Work instruction -> The response should contain all of the data below, reproduced exactly, and no pictures.

Pictures with short captions:
------
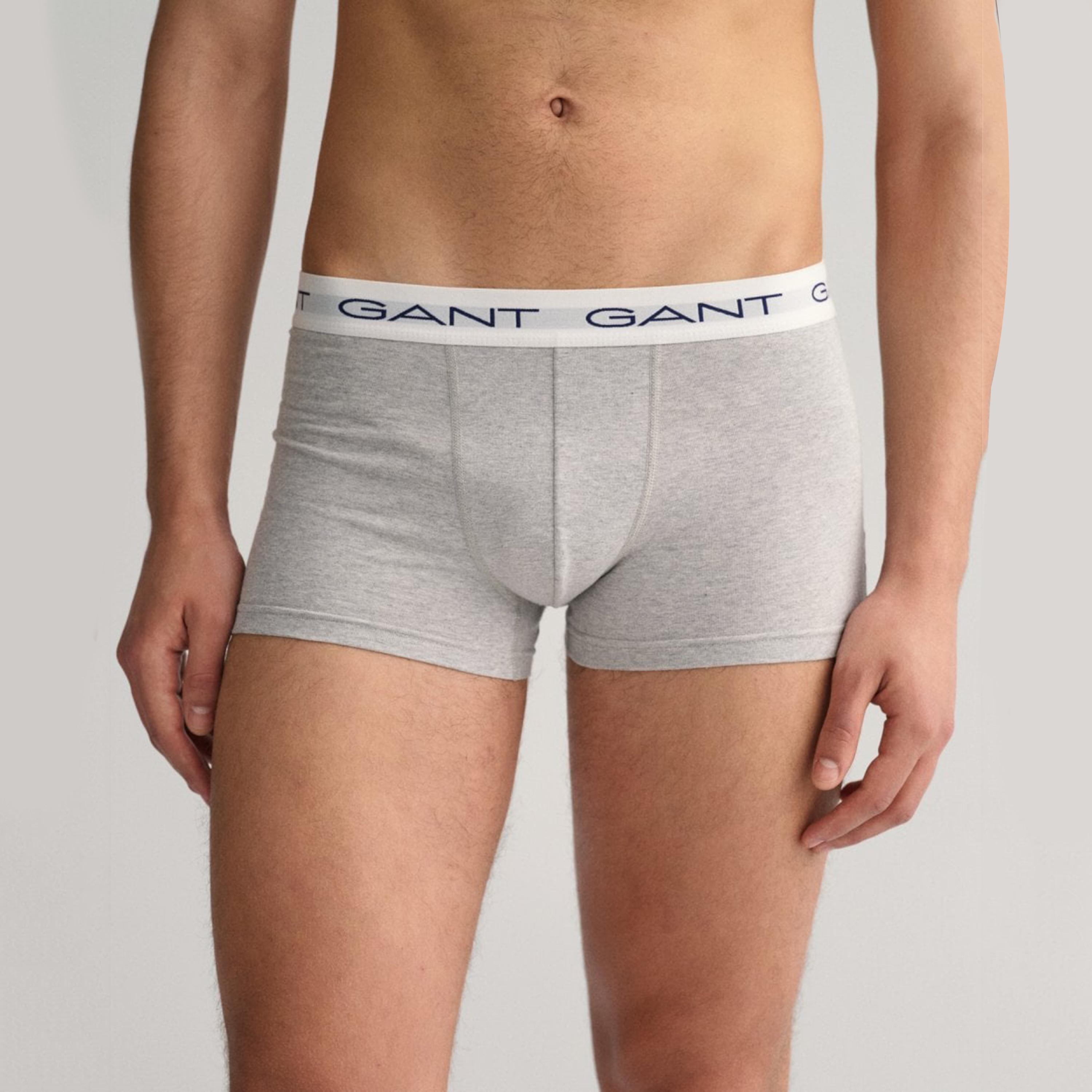 مجموعة جانت مكونة من 3 سراويل خصر مطاطية تحمل العلامة التجارية-men-clothing-innerwear-underwear-image-10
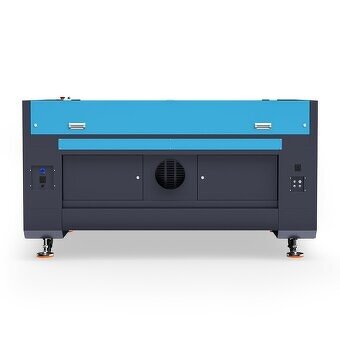 laser co2 OMTech Pronto 60 130W PROFI - 2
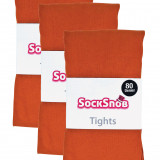 Potters-Clay-Tights-X3-PACK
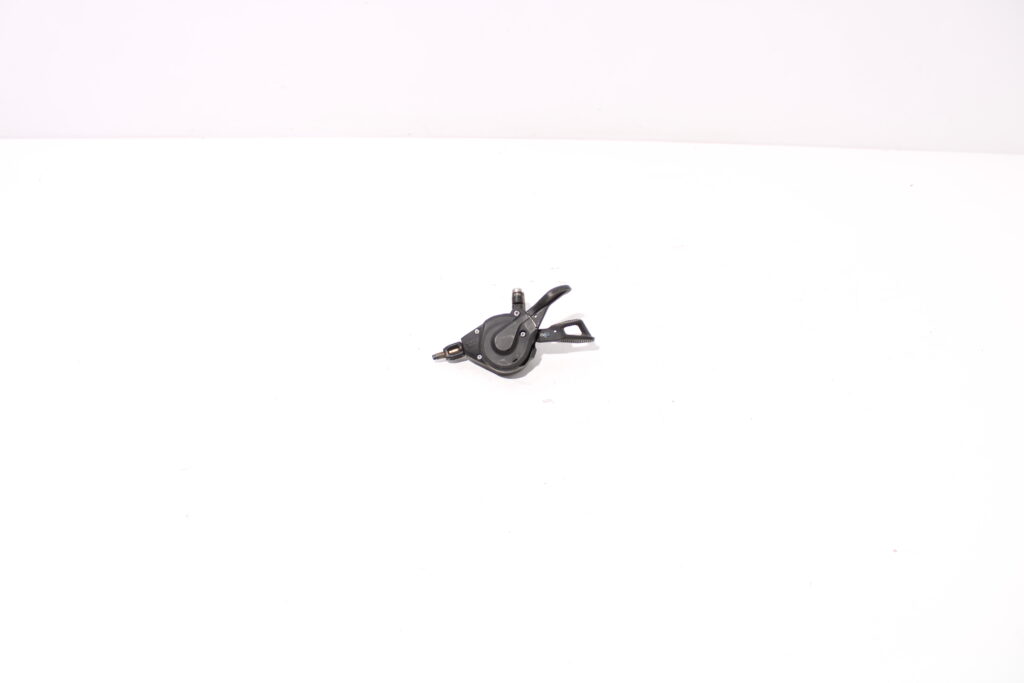 Versteller / shifter | Shimano Deore | SL-M6100 | 12v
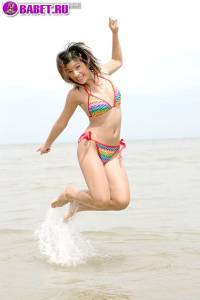 Loretta Lee голая на пляже lole0105.jpg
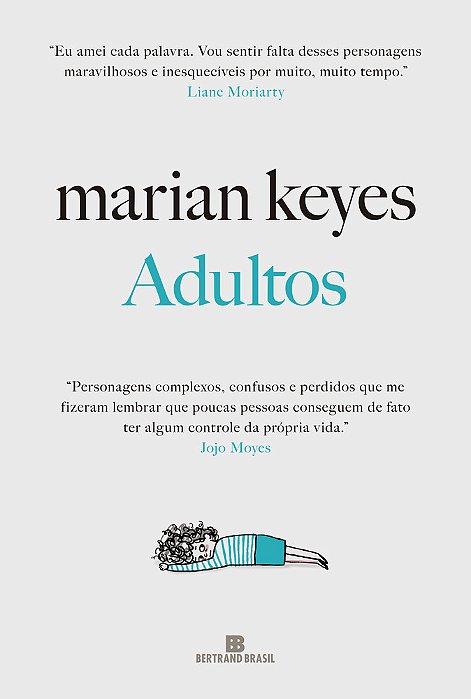 Adultos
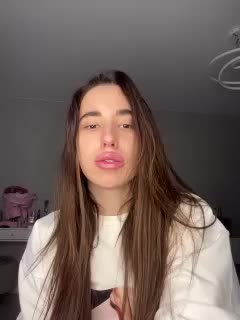 Etokiska Live Sex January 25, 2026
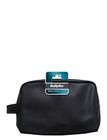 BaByliss Paris 798715 Toiletry Bag Men Leather Vegan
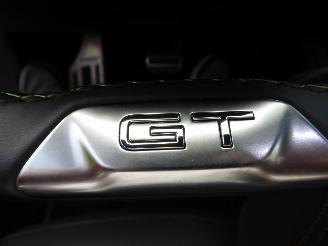Peugeot 308 SW Hybrid GT picture 14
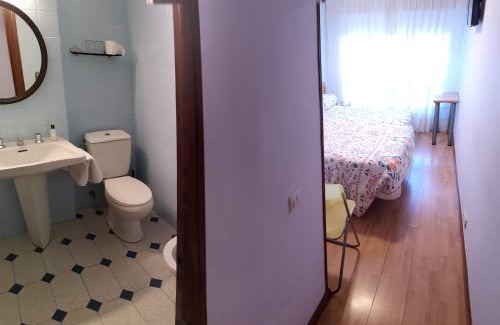 Gijon City Centre House | Hospedaje Covadonga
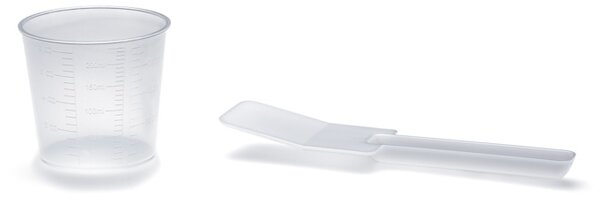APARAT ZA SLADOLED SOLIS ICE DREAM MACHINE SOL 97968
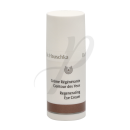 Dr. Hauschka Regenerating Eye Cream 15ml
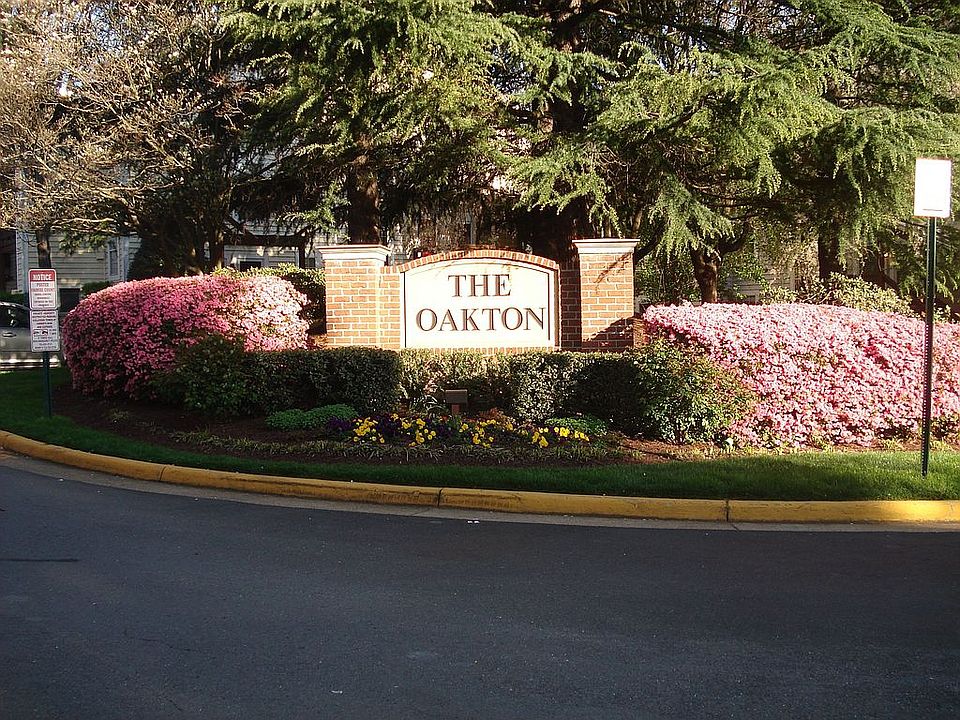 10149 Oakton Terrace Rd, Oakton, VA 22124 Zillow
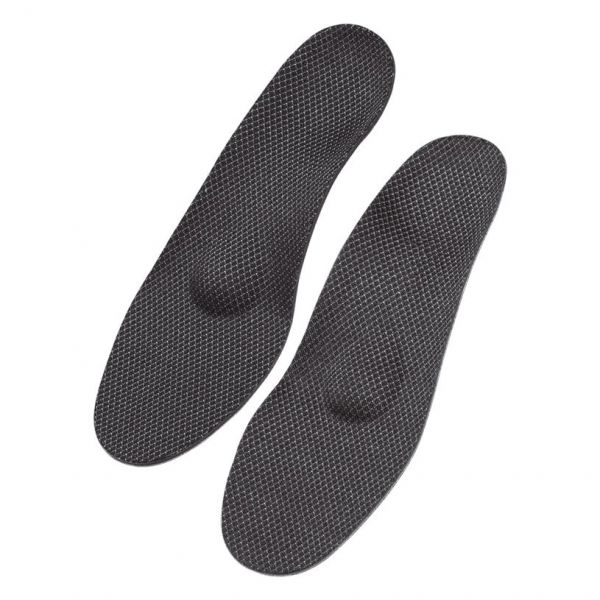 Стельки ортопедические orto-ultra р.36 (Spannrit schuhkomponenten gmbh)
------
Task output ->
 مجموعة جانت مكونة من 3 سراويل خصر مطاطية تحمل العلامة التجارية-men-clothing-innerwear-underwear-image-10
 laser co2 OMTech Pronto 60 130W PROFI - 2
 Potters-Clay-Tights-X3-PACK
 Versteller / shifter | Shimano Deore | SL-M6100 | 12v
 Loretta Lee голая на пляже lole0105.jpg
 Adultos
 Etokiska Live Sex January 25, 2026
 BaByliss Paris 798715 Toiletry Bag Men Leather Vegan
Peugeot 308 SW Hybrid GT picture 14
 Gijon City Centre House | Hospedaje Covadonga
APARAT ZA SLADOLED SOLIS ICE DREAM MACHINE SOL 97968
 Dr. Hauschka Regenerating Eye Cream 15ml
 10149 Oakton Terrace Rd, Oakton, VA 22124 Zillow
 Стельки ортопедические orto-ultra р.36 (Spannrit schuhkomponenten gmbh)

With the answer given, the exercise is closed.